## DATA SECTION
╭──

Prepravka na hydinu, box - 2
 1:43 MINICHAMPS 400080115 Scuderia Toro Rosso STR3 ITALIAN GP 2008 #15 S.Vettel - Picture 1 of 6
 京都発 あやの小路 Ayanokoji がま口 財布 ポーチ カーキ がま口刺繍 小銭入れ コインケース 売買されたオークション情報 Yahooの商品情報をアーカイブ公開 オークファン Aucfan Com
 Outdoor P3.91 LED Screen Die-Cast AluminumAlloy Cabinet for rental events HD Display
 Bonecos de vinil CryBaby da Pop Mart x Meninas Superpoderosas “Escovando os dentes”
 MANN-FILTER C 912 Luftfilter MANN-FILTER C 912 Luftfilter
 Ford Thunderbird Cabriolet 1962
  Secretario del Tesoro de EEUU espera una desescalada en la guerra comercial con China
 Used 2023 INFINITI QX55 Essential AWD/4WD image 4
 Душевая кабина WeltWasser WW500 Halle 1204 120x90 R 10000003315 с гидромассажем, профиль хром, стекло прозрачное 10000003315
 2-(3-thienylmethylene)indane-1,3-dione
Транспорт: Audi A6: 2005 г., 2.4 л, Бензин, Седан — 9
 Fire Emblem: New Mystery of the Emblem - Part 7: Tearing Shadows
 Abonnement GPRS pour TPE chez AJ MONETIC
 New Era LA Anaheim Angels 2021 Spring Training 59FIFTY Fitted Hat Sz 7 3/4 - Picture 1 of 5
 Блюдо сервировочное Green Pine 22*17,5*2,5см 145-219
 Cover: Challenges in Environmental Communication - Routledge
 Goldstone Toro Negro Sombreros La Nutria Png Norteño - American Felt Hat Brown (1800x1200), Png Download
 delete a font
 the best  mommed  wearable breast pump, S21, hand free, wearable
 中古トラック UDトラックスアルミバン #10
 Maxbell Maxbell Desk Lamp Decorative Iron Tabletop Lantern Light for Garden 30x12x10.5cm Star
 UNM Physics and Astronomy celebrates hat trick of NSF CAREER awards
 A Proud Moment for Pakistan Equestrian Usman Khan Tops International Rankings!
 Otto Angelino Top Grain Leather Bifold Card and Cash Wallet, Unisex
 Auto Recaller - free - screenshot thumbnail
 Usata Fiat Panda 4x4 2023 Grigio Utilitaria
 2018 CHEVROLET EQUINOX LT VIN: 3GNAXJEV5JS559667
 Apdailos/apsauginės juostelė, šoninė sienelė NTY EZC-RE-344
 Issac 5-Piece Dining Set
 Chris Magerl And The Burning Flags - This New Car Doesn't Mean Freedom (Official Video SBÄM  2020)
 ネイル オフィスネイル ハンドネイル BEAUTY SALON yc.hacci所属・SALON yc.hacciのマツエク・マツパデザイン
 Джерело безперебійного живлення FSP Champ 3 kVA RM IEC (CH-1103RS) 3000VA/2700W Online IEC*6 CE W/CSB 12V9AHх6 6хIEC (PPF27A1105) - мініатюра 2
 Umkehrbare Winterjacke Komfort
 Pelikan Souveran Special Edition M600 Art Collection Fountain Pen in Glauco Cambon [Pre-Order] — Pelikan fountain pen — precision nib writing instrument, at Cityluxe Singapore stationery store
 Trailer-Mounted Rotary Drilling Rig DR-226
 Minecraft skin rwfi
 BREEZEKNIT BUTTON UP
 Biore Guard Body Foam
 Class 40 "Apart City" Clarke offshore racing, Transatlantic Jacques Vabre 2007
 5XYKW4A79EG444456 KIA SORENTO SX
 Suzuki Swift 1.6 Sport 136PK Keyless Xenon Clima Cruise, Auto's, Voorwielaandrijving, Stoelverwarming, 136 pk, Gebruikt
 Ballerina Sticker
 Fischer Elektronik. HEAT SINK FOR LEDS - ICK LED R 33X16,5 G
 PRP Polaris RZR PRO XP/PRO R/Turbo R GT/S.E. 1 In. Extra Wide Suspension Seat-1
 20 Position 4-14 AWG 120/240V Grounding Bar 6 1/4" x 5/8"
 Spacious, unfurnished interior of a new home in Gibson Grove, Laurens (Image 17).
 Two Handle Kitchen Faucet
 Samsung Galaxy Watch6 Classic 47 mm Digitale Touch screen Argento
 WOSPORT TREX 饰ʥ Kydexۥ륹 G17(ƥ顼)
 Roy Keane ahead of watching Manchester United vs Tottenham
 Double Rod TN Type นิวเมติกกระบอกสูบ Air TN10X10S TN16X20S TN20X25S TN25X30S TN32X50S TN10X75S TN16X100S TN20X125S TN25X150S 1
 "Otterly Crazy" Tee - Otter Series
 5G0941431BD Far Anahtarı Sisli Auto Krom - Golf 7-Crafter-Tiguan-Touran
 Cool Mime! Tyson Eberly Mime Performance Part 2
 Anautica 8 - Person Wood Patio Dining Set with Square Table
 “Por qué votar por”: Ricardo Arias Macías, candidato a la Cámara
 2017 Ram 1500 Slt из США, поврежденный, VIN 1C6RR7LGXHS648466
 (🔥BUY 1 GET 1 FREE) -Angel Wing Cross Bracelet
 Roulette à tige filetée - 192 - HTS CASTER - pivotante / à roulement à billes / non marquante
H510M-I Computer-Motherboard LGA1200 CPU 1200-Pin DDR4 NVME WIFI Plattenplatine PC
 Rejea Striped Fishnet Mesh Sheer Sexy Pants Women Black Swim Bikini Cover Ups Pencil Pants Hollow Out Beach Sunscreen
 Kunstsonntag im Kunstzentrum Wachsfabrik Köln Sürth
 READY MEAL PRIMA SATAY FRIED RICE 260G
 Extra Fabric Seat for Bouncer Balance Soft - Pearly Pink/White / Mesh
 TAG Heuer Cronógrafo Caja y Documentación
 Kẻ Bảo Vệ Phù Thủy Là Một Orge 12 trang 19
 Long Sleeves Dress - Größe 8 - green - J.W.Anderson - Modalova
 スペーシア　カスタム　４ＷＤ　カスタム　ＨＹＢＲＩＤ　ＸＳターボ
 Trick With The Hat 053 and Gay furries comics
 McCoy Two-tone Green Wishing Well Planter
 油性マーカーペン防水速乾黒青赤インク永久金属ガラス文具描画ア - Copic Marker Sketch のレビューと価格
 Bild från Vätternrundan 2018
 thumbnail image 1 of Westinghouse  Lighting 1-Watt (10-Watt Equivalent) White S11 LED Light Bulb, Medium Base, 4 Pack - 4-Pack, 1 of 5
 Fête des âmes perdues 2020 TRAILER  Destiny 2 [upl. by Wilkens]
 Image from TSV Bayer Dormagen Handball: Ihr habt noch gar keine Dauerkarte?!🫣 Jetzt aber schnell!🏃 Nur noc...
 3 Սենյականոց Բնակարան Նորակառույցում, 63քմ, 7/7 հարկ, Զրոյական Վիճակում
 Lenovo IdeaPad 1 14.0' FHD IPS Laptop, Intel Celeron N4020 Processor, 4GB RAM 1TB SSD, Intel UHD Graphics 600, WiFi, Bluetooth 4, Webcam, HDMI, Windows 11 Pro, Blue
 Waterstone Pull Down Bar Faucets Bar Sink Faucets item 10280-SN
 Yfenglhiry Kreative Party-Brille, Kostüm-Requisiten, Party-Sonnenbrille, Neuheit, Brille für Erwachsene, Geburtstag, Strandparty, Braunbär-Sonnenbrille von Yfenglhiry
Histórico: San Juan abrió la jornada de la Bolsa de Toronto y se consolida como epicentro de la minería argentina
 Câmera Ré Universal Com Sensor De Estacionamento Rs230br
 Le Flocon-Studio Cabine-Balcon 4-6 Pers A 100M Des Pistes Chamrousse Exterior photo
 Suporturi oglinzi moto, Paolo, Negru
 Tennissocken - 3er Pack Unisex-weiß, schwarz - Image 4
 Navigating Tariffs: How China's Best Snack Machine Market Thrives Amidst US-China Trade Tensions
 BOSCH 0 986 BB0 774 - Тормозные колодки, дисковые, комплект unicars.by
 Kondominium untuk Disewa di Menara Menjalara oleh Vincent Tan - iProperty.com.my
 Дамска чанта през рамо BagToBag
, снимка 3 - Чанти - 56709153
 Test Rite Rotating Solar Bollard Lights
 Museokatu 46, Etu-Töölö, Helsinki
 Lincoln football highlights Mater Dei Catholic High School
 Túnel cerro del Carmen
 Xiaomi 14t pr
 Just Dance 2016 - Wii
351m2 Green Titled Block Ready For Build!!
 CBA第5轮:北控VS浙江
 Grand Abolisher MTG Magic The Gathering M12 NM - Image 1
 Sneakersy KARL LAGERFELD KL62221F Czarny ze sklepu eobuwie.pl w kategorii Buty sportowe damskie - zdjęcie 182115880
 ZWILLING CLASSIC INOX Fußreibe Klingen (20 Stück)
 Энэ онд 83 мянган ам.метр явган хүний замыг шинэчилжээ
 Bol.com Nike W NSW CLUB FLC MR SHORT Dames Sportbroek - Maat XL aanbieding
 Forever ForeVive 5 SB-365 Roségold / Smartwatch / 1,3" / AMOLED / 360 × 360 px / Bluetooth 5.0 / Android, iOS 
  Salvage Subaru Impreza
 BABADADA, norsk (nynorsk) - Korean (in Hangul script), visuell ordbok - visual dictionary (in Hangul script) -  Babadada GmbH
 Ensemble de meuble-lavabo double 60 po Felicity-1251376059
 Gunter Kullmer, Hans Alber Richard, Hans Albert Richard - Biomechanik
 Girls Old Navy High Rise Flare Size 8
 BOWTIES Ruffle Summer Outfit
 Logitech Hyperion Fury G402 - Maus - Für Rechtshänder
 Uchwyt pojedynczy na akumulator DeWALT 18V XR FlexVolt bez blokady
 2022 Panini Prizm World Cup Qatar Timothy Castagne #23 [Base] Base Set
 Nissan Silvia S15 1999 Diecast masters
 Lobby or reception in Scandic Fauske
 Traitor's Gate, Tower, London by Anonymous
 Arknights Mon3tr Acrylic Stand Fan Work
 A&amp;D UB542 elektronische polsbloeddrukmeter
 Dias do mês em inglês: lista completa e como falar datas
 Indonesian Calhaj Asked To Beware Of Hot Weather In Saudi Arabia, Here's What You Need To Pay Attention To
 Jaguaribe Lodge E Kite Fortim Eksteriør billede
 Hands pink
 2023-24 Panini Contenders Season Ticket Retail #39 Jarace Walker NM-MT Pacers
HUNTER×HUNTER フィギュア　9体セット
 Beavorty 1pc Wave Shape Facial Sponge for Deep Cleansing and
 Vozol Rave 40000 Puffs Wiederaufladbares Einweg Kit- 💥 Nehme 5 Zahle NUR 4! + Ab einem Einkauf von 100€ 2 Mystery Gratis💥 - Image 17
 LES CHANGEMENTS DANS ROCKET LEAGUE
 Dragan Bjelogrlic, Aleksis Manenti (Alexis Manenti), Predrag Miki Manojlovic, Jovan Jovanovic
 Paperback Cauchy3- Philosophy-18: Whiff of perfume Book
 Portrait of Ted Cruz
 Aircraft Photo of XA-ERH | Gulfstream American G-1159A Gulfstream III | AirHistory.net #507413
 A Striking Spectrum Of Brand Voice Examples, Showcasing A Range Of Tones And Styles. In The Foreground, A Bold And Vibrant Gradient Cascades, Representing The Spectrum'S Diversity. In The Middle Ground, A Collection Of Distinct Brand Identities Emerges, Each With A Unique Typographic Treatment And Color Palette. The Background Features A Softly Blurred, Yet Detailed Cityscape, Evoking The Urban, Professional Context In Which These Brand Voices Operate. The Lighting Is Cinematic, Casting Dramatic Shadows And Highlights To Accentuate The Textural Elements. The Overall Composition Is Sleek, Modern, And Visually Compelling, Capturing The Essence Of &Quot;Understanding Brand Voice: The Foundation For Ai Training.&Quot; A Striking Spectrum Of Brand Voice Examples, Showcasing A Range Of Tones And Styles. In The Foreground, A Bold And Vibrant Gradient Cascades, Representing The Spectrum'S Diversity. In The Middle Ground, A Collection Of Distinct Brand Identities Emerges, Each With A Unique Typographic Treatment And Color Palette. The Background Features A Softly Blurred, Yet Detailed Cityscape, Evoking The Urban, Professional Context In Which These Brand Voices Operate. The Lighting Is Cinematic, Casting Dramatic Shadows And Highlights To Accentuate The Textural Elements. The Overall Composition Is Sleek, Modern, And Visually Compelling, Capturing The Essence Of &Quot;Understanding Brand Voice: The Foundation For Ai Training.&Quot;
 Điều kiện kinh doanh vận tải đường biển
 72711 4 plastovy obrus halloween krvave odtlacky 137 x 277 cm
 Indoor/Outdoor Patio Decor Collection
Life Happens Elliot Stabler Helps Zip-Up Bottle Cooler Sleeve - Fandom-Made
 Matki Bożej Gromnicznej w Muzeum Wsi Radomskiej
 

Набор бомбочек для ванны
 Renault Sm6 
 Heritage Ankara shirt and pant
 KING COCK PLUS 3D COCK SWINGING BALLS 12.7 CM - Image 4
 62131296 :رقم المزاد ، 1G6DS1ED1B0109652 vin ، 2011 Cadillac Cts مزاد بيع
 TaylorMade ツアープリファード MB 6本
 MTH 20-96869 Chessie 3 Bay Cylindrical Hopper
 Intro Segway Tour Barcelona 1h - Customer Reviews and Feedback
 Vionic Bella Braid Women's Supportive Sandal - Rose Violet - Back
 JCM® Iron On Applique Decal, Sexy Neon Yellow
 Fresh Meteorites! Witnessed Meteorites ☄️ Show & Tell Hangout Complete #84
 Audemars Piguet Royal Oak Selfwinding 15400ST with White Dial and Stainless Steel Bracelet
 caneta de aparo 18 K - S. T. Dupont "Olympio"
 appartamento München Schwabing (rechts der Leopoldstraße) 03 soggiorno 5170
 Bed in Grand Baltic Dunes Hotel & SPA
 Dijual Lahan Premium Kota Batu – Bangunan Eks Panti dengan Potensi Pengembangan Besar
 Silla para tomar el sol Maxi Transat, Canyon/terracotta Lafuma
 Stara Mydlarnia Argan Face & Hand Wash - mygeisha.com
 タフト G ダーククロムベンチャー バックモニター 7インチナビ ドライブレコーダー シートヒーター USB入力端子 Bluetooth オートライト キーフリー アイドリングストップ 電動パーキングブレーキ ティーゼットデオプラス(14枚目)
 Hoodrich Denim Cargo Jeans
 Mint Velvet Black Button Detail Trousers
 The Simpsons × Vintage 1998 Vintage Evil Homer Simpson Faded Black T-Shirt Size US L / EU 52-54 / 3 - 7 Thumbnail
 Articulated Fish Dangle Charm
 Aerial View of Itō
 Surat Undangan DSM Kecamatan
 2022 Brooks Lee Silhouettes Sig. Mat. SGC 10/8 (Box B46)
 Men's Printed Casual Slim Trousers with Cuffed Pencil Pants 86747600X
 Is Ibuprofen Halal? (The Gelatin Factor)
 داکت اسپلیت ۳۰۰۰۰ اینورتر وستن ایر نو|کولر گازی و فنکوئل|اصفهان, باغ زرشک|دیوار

╰──

Filter the entries down to the lines that include the string "como".

Histórico: San Juan abrió la jornada de la Bolsa de Toronto y se consolida como epicentro de la minería argentina
 Dias do mês em inglês: lista completa e como falar datas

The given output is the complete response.